*What is needed*: All lines in the entries below that hold "Style" make up the answer.

━━━ Extracted information

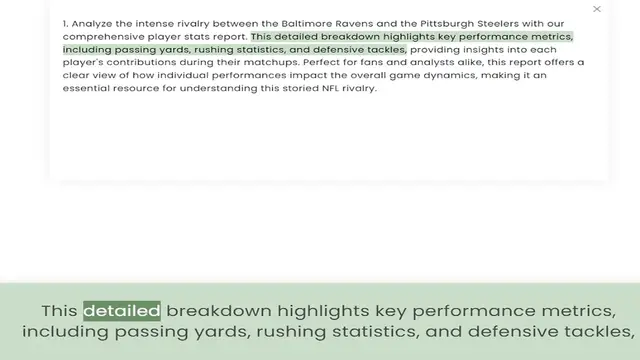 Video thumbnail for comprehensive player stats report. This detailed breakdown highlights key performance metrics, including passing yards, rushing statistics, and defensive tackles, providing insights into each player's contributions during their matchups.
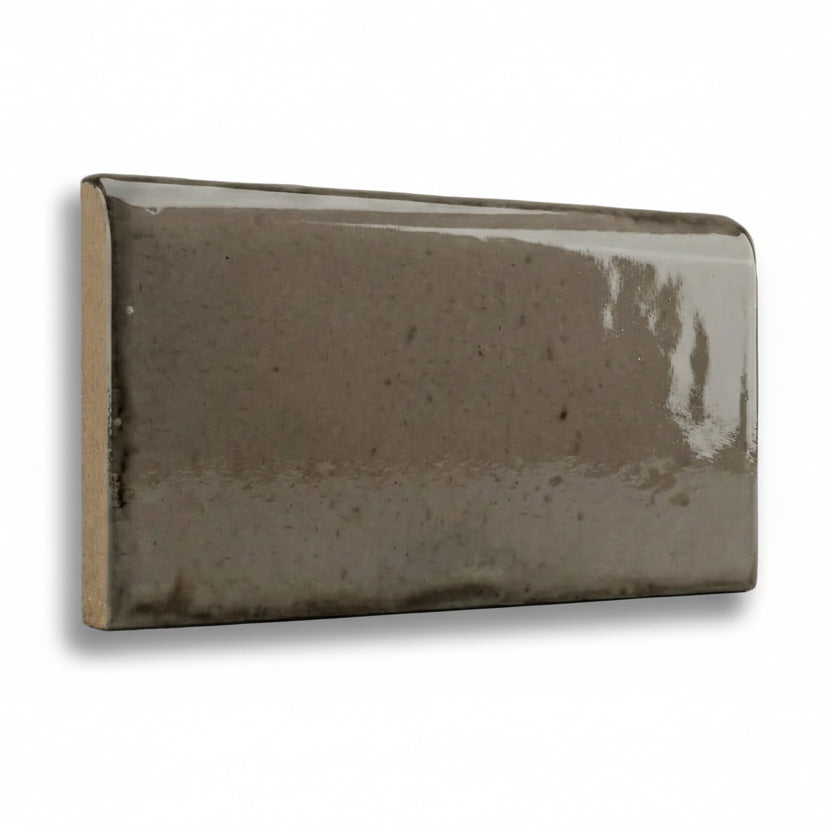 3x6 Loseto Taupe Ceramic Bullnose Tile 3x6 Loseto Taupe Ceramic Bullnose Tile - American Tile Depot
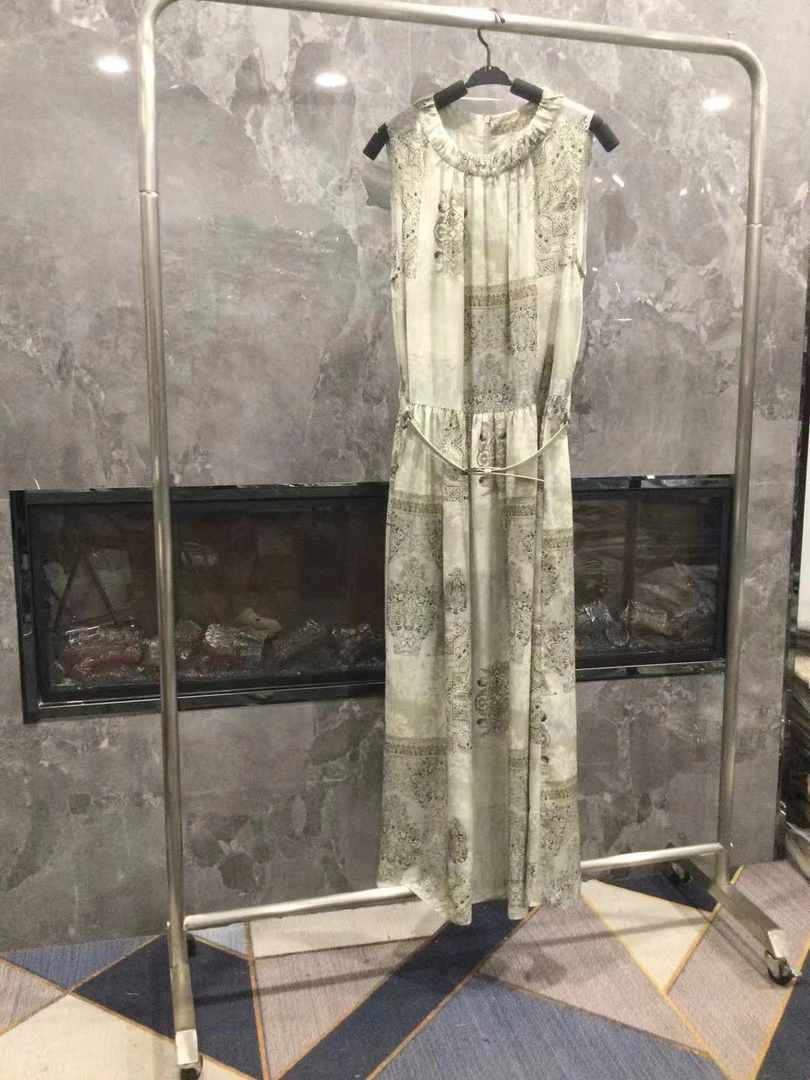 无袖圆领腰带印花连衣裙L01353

━━━━━━
━━━ Extracted information

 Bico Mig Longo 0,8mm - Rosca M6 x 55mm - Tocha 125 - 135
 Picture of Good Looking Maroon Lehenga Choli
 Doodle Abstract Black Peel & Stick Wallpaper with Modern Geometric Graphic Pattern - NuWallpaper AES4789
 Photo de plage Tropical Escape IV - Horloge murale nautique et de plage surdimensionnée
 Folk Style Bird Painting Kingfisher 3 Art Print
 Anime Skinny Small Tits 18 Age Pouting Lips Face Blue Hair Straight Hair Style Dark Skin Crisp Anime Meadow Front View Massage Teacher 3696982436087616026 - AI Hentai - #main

━━━━━━

*Exercise response*:
 Folk Style Bird Painting Kingfisher 3 Art Print
 Anime Skinny Small Tits 18 Age Pouting Lips Face Blue Hair Straight Hair Style Dark Skin Crisp Anime Meadow Front View Massage Teacher 3696982436087616026 - AI Hentai - #main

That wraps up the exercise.